LONDRES | La justice britannique a condamné jeudi à la détention à vie, avec une durée minimale de 21 ans, un homme de 28 ans atteint de schizophrénie paranoïaque, qui avait mortellement poignardé un jeune homme et blessé sept autres personnes en 2020 à Birmingham.

La peine prononcée contre Zephaniah McLeod sera purgée au moins au début dans un hôpital de haute sécurité, avant un transfert en prison si son état le permet.

L’accusé avait reconnu les faits d’homicide avec une atténuation de sa responsabilité pour avoir tué le 6 septembre 2020 Jacob Billington, un jeune homme de 23 ans, dans la deuxième ville du Royaume-Uni, dans le centre de l’Angleterre.

Il a également reconnu quatre chefs d’accusation de tentatives de meurtre et trois de blessures volontaires.

«Il ne fait aucun doute que vous êtes un homme très dangereux et posez un risque important pour le public», a déclaré le juge Edward Pepperall.

Arrêté le lendemain de la série d’agressions, l’accusé avait expliqué qu’il entendait des voix et a semblé indifférent au carnage qu’il venait de commettre, a souligné l’accusation pendant l’audience à Birmingham.

Il avait pour la première fois présenté des symptômes de schizophrénie paranoïaque en 2012 et avait plusieurs condamnations à son actif pour divers délits, parmi lesquels un cambriolage ou l’agression d’un bébé de six mois.

Il avait été libéré de prison sans suivi en avril 2020, en plein confinement instauré en Angleterre contre le coronavirus.

Il avait refusé de participer à une évaluation psychiatrique peu de temps avant son déchaînement de violence.

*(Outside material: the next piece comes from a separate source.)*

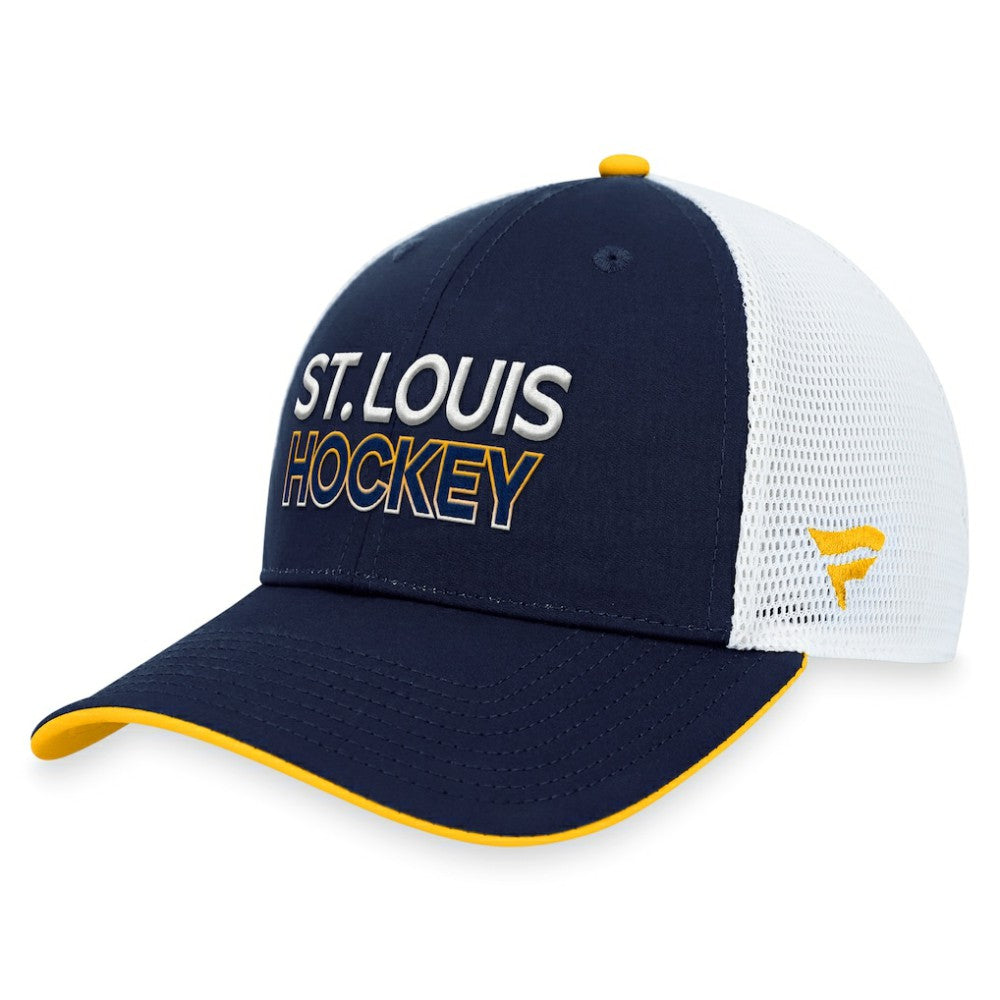 NHL St. Louis Blues Fanatics Authentic Pro Rink Trucker Adjustable Hat - Navy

Celui-ci était survenu peu après des attaques jihadistes au couteau à Londres et Reading, faisant craindre un nouvel événement de cet ordre.

«Il a été présenté par son équipe de défense comme une victime de sa santé, qui n’avait pas le contrôle de ses actes», a dénoncé le père de Jacob, Keith Billington, après l’audience. «Ce n’est pas une victime. Mon fils (…) est une victime», a-t-il ajouté, se disant «heureux que cet homme dangereux et malfaisant ait été retiré de la société», mais se demandant pourquoi ce dernier avait été laissé sans surveillance par les autorités.

L’accusé avait expliqué à un psychiatre après son interpellation qu’il consommait crack, cannabis et alcool depuis le mois précédent.

Il avait expliqué ne pas avoir le moindre souvenir de l’attaque.

Selon un psychiatre qui l’a examiné et a conclu qu’il était «très dangereux», il était «gravement psychotique» lorsqu’il a commis ces agressions.